The offensive remark came from CFO Takeshi Okazaki of Fast Retailing on July 11 during an event for investors. When asked about the move in Korea to boycott the brand, Okazaki said it had “already caused a certain amount of impact,” but it “won’t last for long.”
Japanese news coverage of the event quickly spread on Korean online forums and social networks, outraging local consumers who felt that Okazaki’s comments were belittling the boycott by implying it was an impulsive, short-lived movement.
The event fueled existing negative sentiment toward Uniqlo, which was already high up on the list of boycott targets as one of the most visible Japanese brands in Korea. After Okazaki’s comment, protesters started gathering in front of Uniqlo stores to discourage people from shopping there.
As complaints snowballed online, Uniqlo Korea issued an apology last Tuesday, adding an explanation that Okazaki’s intentions were misunderstood as he used the wrong expressions.
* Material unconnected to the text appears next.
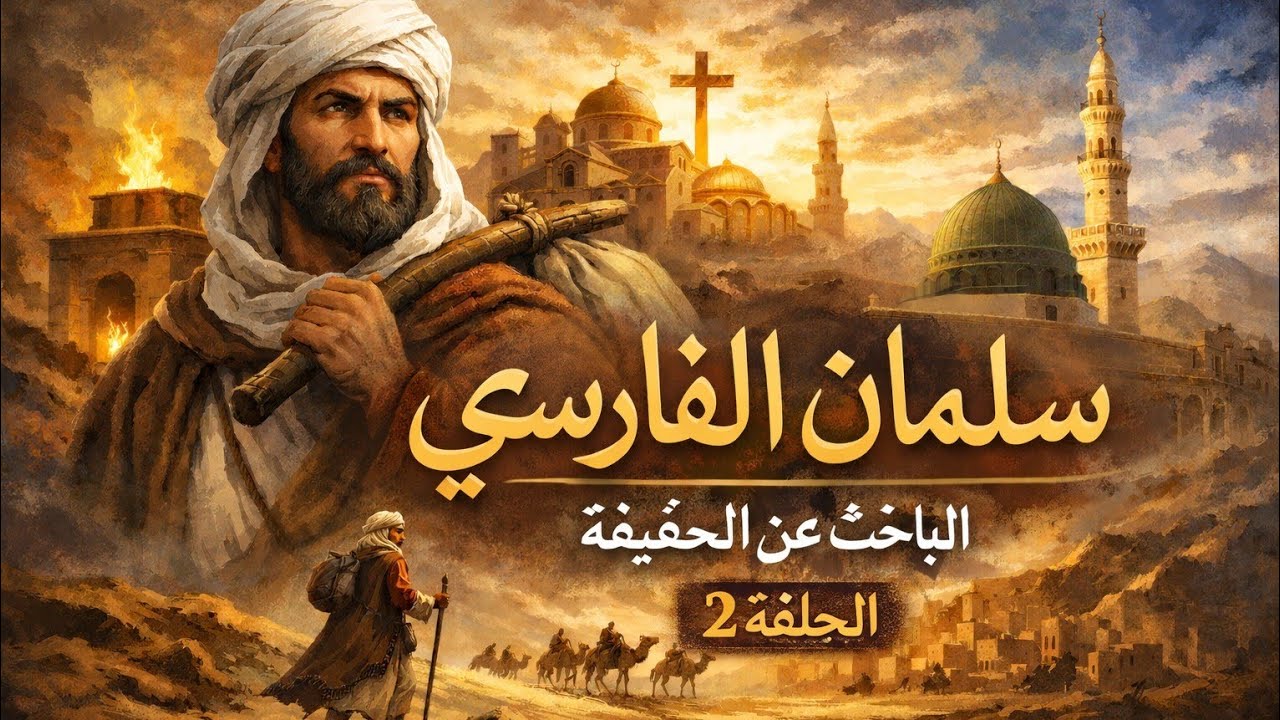 سلمان الفارسي الباحث عن الحقيقة💕|الحلقة 2| سلسة رجال حول الرسول صلى الله عليه وسلم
What he was trying to convey, it said, was that the company would continue to offer good products and services despite the negative sentiment.
However, the statement didn’t do much to cool down the outrage, as some protesters said the response didn’t come from Uniqlo’s Japanese headquarters but was issued by Uniqlo’s Korean office. Uniqlo Korea is run by FRL Korea, a joint venture of Fast Retailing and Lotte Shopping, which each own a 51 and 49 percent share respectively.
Last week’s apology was also not widely publicized on the brand’s official website or social network accounts. The statement was sent to press that specifically contacted the Korean office asking for a response regarding to Okazaki’s comment. The new apology again says that Okazaki used the wrong words, and what he meant to say was he wishes the boycott movement will be short lived, not he believes it will.